La bifurcación energética y las proyecciones para el futuro
Estados Unidos, siendo el mayor productor de petróleo del mundo, ha promovido la explotación de gas natural licuado. Su estrategia, condensada por Trump en “perfora, cariño, perfora“, se ha inclinado hacia el uso de combustibles fósiles en detrimento de las renovables. Antes del conflicto con Irán, los mercados ya mostraban signos de una “bifurcación” en la que las potencias buscan desarrollar futuros energéticos muy distintos, dejando a otros países ante decisiones complejas sobre qué camino tomar.
La guerra con Irán ha incrementado la demanda por tecnología china, con exportaciones de paneles solares, baterías y automóviles eléctricos que alcanzaron un récord de casi 22.300 millones de dólares en diciembre, marcando un aumento de aproximadamente 47% respecto al año anterior. Esta creciente demanda se destina en gran medida a Sudeste Asiático y Europa, según el centro de análisis Ember. Fitch Ratings prevé un aumento en la inversión en energías renovables y sistemas de almacenamiento de baterías en naciones dependientes de importaciones energéticas.
Los inversionistas están cada vez más optimistas respecto a que el conflicto aumentará la necesidad de renovar las fuentes de energía. En marzo pasado, las acciones de CATL y BYD que cotizan en Hong Kong experimentaron incrementos cercanos al 24% y 11%, de forma respectiva. Los fabricantes de automóviles chinos han estado expandiendo su capacidad por un tiempo, aumentando la producción de vehículos eléctricos mientras superan las exportaciones de sus contrapartes estadounidenses y europeas, con modelos más accesibles, consolidando su presencia en el Sudeste Asiático.

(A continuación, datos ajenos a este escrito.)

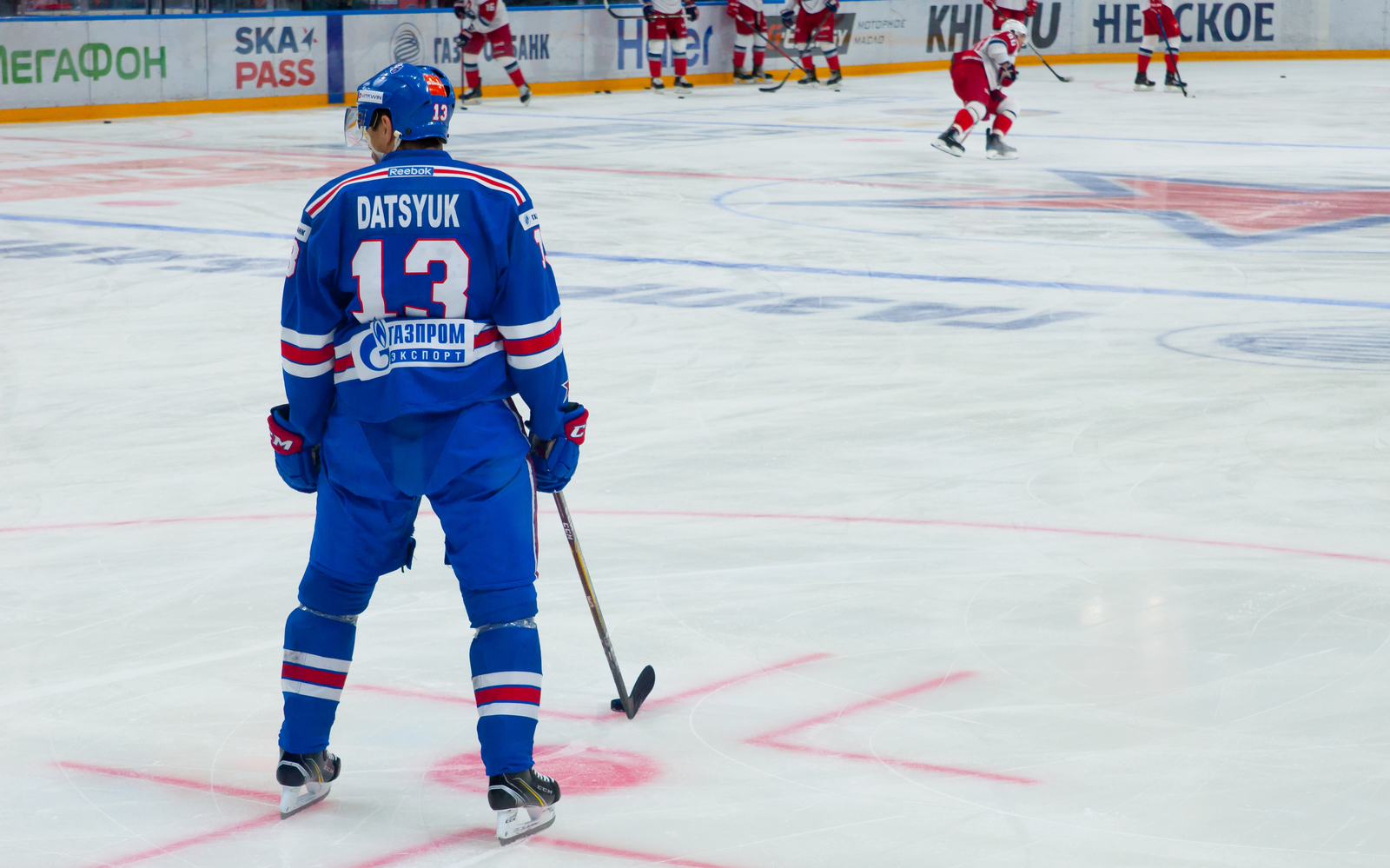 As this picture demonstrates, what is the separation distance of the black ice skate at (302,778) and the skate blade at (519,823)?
1.12 feet

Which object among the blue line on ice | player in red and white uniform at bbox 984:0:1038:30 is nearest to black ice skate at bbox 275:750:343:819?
the blue line on ice

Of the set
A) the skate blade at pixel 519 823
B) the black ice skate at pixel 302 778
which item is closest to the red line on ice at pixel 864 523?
the black ice skate at pixel 302 778

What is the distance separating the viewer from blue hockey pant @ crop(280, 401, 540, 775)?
2.74 meters

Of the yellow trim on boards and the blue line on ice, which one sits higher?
the yellow trim on boards

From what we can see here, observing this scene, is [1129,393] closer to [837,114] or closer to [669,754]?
[669,754]

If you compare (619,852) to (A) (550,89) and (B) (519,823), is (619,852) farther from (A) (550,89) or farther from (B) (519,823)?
(A) (550,89)

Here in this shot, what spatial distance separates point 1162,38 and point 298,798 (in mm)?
21611

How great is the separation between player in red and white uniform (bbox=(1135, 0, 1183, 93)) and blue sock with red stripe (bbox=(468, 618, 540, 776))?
20924 mm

Adaptaciones globales hacia la energía limpia
El impacto de la crisis energética puede catalizar un avance en la industria automotriz china mientras representa un reto para la industria automotriz estadounidense, según opinión de Amy Myers Jaffe, del Centro de Asuntos Globales de la Universidad de Nueva York. Sin embargo, los altos aranceles impuestos por EE. UU. permiten que los vehículos eléctricos de fabricación china permanezcan mayormente fuera del mercado estadounidense.
El aumento en los costos de combustible podría impulsar aún más la expansión de BYD en su propio país, según indica Chris Liu, experto de Omdia. Espacios como Pakistán han comenzado a dar el salto hacia la energía limpia, importando más de 50 gigavatios de paneles solares chinos desde su adopción de renovables en 2017. Para el 2025, se proyecta que el costo de la energía solar permitirá que el país ahorre 6.300 millones de dólares en importaciones de combustibles fósiles.

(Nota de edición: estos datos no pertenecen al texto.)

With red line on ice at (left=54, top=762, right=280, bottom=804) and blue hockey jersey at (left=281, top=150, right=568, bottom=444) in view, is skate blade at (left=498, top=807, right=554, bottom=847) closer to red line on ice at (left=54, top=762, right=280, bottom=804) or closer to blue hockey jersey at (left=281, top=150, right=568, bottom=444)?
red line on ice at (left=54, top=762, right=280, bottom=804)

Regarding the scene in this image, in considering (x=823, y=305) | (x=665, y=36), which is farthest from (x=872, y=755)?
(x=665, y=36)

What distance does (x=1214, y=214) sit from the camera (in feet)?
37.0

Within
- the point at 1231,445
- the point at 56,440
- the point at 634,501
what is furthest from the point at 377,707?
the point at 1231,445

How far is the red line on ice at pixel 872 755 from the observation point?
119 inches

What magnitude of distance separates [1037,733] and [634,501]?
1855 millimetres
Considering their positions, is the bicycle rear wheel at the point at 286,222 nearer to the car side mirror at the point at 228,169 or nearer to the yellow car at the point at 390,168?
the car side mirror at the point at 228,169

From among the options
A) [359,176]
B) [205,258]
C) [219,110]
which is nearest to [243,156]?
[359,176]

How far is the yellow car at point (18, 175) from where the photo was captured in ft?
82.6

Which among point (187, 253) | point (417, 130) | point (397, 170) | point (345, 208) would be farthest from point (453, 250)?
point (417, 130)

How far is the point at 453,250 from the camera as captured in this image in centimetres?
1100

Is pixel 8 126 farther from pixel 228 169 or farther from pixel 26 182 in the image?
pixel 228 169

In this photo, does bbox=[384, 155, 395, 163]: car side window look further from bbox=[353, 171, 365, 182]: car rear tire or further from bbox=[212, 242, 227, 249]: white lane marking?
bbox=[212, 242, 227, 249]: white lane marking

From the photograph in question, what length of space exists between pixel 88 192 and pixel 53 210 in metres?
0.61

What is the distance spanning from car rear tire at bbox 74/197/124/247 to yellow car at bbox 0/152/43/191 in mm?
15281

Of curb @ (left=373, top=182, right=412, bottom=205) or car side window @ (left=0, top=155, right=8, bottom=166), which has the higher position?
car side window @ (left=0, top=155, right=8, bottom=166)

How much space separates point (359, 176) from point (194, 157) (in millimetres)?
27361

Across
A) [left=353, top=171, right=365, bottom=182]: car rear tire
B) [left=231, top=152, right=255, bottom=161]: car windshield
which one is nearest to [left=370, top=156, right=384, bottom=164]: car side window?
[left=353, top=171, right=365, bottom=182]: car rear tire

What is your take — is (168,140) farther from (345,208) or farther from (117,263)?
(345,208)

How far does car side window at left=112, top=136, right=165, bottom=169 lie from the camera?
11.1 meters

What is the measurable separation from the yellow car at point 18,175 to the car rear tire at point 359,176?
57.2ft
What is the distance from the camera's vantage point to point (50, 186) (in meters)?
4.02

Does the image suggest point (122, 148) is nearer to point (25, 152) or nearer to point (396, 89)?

En el Reino Unido, se ha visto un aumento superior al 30% en la demanda de leasing de vehículos eléctricos en las primeras semanas de marzo en comparación con el mismo período de febrero, mientras que, en el Sudeste Asiático, el fabricante vietnamita de vehículos eléctricos VinFast ha comenzado a ofrecer descuentos para contrarrestar el aumento de precios del combustible. Aunque los picos prolongados en los costos de combustible podrían actuar como catalizadores para el crecimiento de los vehículos eléctricos, los expertos advierten que llevará tiempo antes de que esto se manifieste en las decisiones de compra de los consumidores.
Incluso Indonesia, el mayor exportador de carbón del mundo, está reajustando su estrategia hacia la energía limpia, con el presidente Prabowo Subianto anunciando un impulso hacia la producción de vehículos eléctricos y una mayor infraestructura de carga. Las compañías chinas desempeñan un papel crucial en la cadena de suministro de energía limpia en Indonesia, firmando acuerdos valuados en más de 54.000 millones de dólares con el proveedor estatal en 2023, y añadiendo otro compromiso durante la visita oficial del presidente a Beijing en 2024. “Habrá beneficios financieros directos para las empresas chinas”, concluyó Reynolds, del IEEFA.